▶ What is needed:
From the first line of the listing, copy each line exactly until you have included the line with "dining area featuring"; leave out the pictures.

▶ Materials provided:

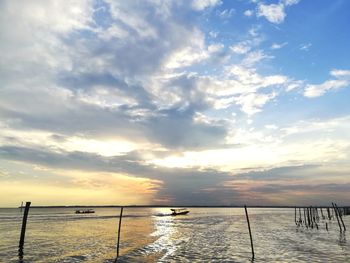 Scenic view of sea against sky at sunset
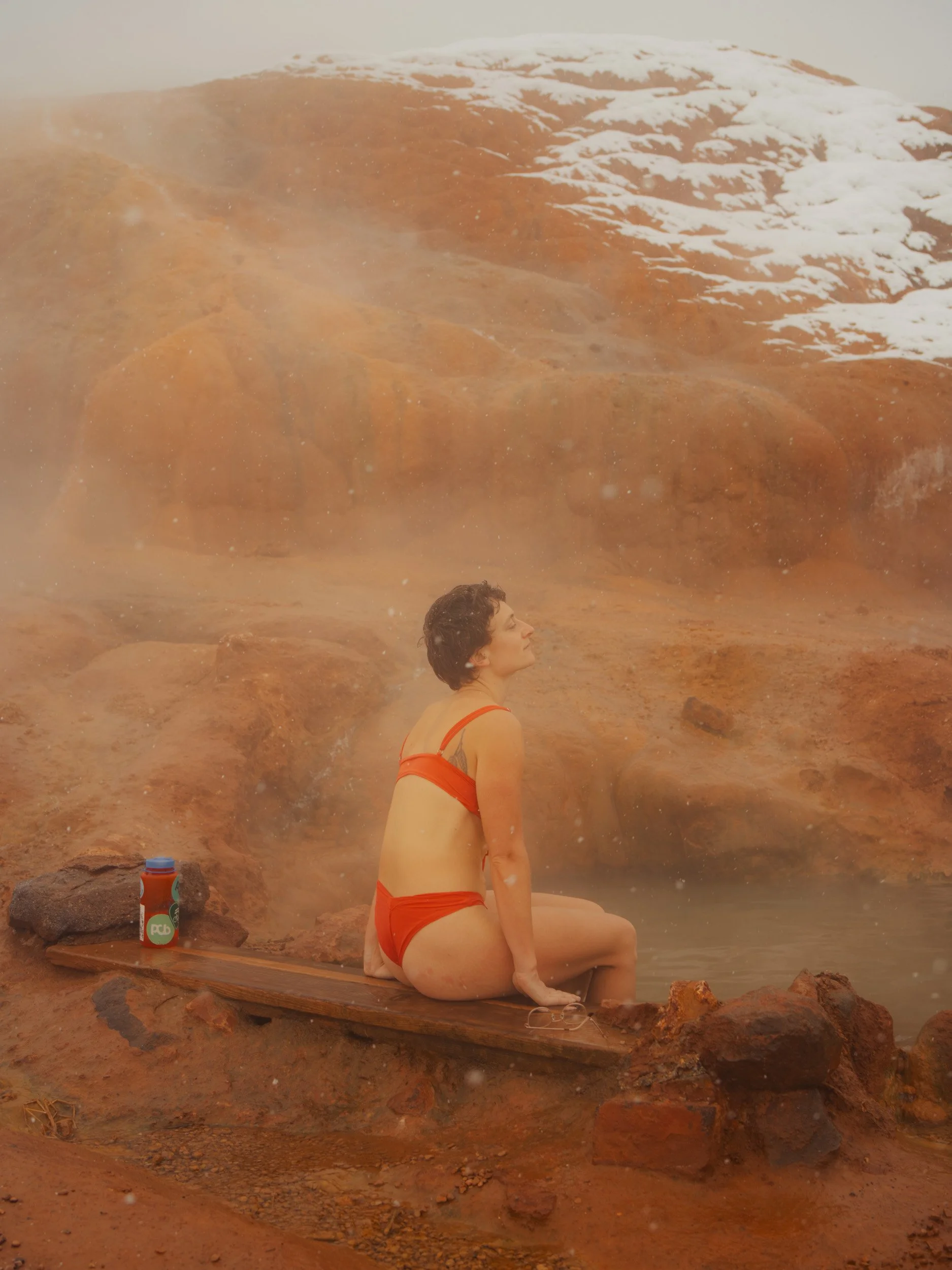 A woman in a red bikini sitting on a wooden platform in a hot spring, with steam rising around her and snow on the rocky hillside in the background.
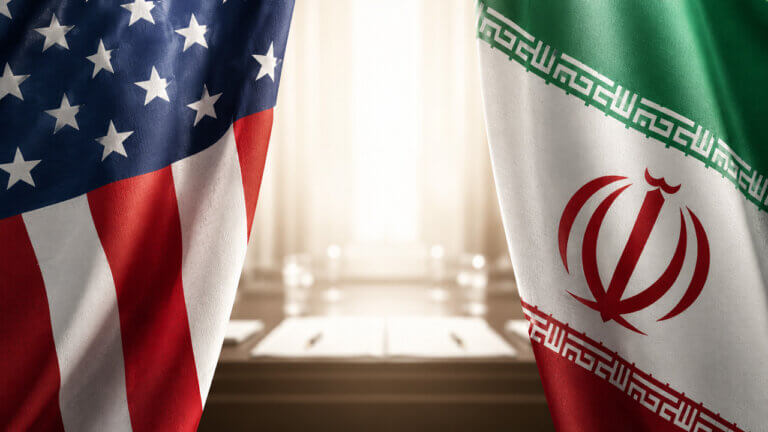 US and Iranian flags facing each other across a negotiation table, symbolizing ongoing talks and uncertainty around a potential US-Iran agreement or ceasefire extension tracked by prediction markets.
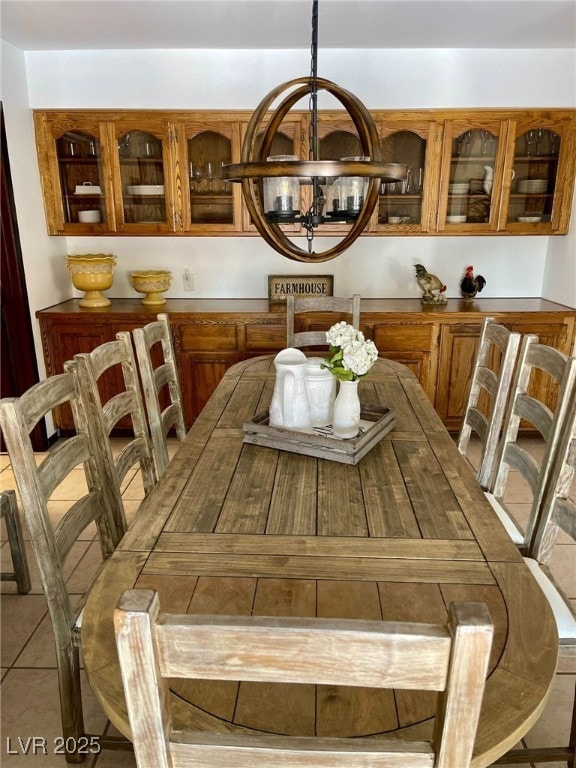 dining area featuring light tile patterned flooring and a notable chandelier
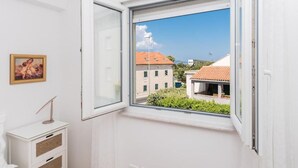 Una habitación con ventana, un tocador blanco y un cuadro en la pared.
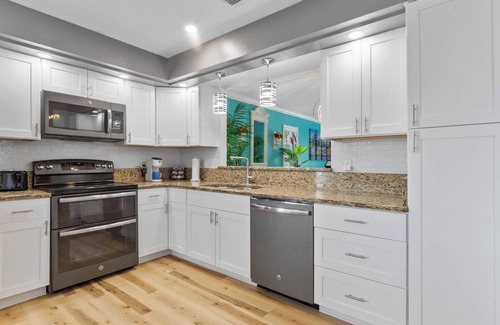 Buena Ventura Lakes House | Tropical Oasis Close to Orlando Airport with FREE Heated/Chilled Pool!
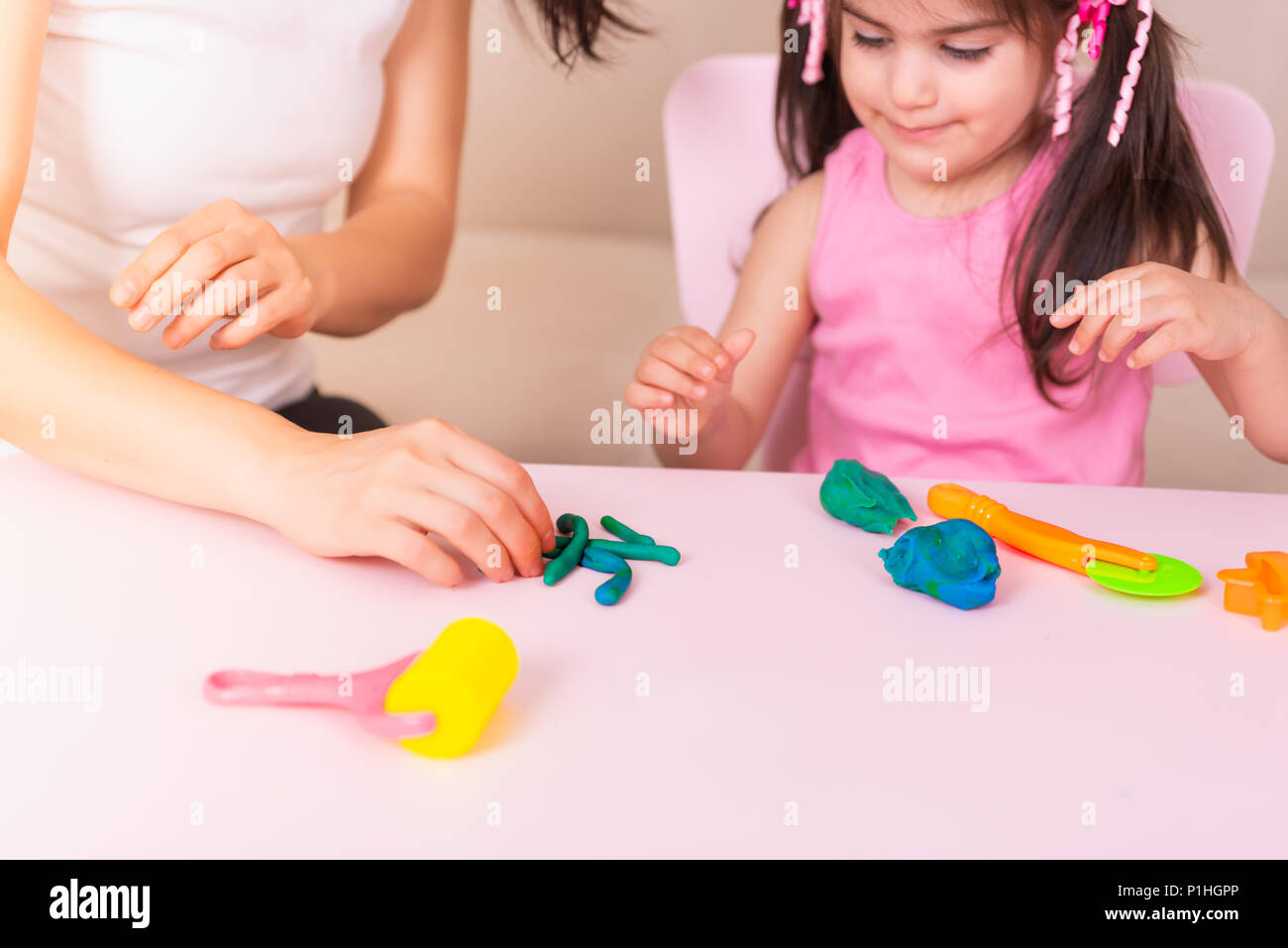 Mutter und nettes Mädchen spielen zusammen mit Knetmasse, beim Sitzen am Tisch. selektive Fokus und kleine Tiefenschärfe. Stockfoto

▶ Solution for this task:
 Scenic view of sea against sky at sunset
 A woman in a red bikini sitting on a wooden platform in a hot spring, with steam rising around her and snow on the rocky hillside in the background.
 US and Iranian flags facing each other across a negotiation table, symbolizing ongoing talks and uncertainty around a potential US-Iran agreement or ceasefire extension tracked by prediction markets.
 dining area featuring light tile patterned flooring and a notable chandelier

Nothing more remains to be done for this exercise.